Quiere el diccionario que agua corriente sea la que «circula por canales y tuberías, y llega hasta las casas». Y quiere el tópico que no nos demos cuenta de las cosas hasta que las perdemos.

El que suscribe acaba de vivir, precisamente, junto con los vecinos, lo que supone pasar cinco días sin agua corriente, por más que el ayuntamiento tuvo a bien colocar un grifo provisional en la esquina de la calle. Sin ducha –quizá lo más sencillo de solucionar−, sin poder cocinar ni fregar, sin utilizar los sanitarios… Beber era lo más sencillo, pues siempre queda el recurso al agua mineral embotellada. ¿Saben cuánta agua se utiliza cada vez que se tira de la cadena? ¿Y para fregar con baldes?

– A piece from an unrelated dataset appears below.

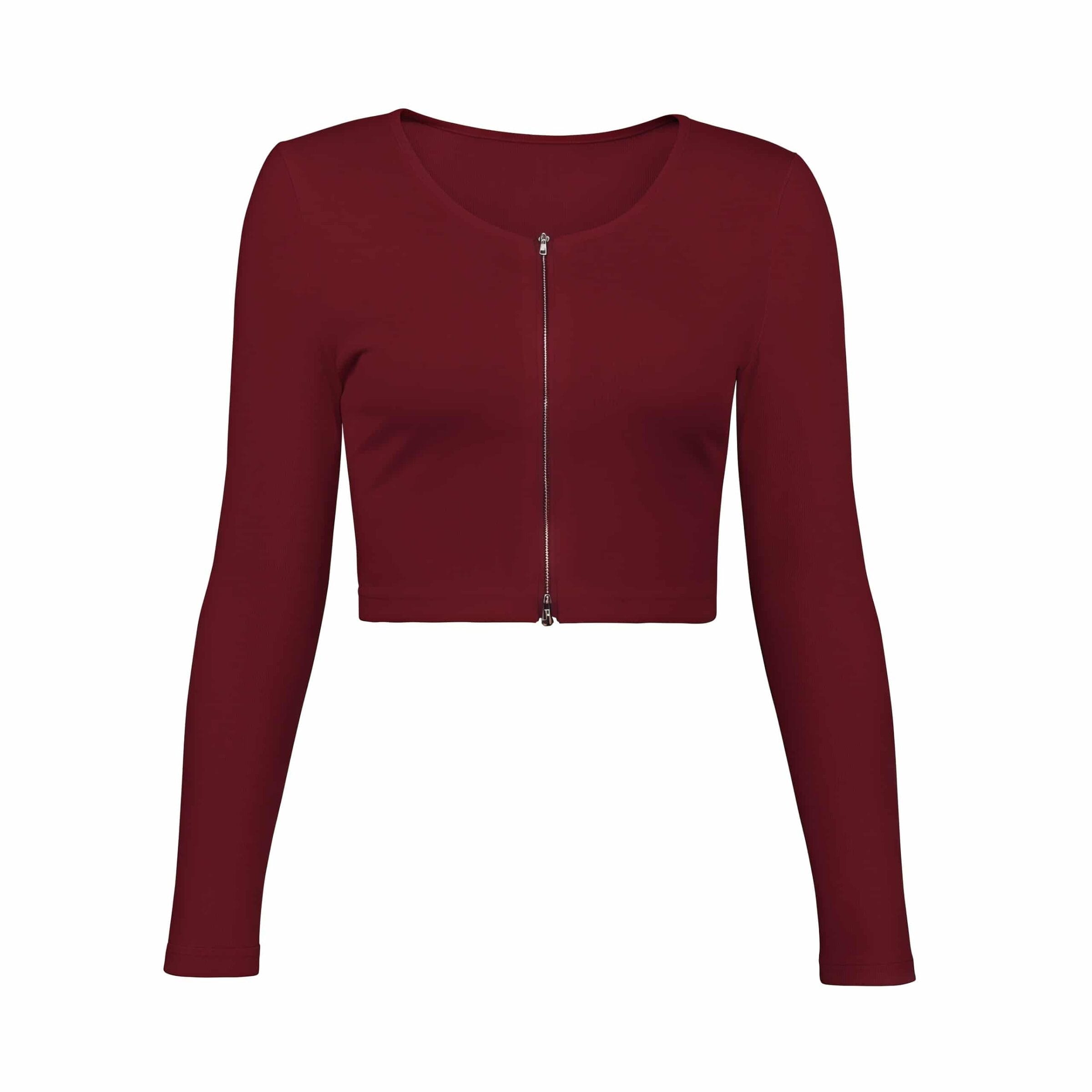 Zip-Front Long Sleeve Crop Top - Bild 3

Si nos quedamos sin luz podemos recurrir esas bombonas de gas, también para cocinar. O recurrir a las velas. Y taparnos con más mantas, si falla la calefacción. Pero sin agua… Ya sabemos que es un bien preciado, escaso, pues Zaragoza fue reconocida como ciudad ahorradora, pero no lo valoramos hasta que desaparece.

Sin agua no hay cocina ni alimentos y, por tanto, tampoco gastronomía. Cocemos, amasamos, diluimos… y el agua resulta imprescindible, como bien saben quienes guisan en el campo o disfrutan del camping.

Los problemas del cambio climático son cada vez más evidentes, como estamos viendo estos días, donde cada vez más se suceden sucesos extremos, desde sequías a inundaciones. La estacionalidad de los productos agrícolas cada vez resulta más irregular y la sobreexplotación en demasiadas fincas y labores tampoco contribuye a tranquilizarnos sobre nuestro futuro, no tan lejano.

Que poco corriente −«común, regular, no extraordinario»− resulta el agua corriente; y cuánto se echa en falta, cuando no corre.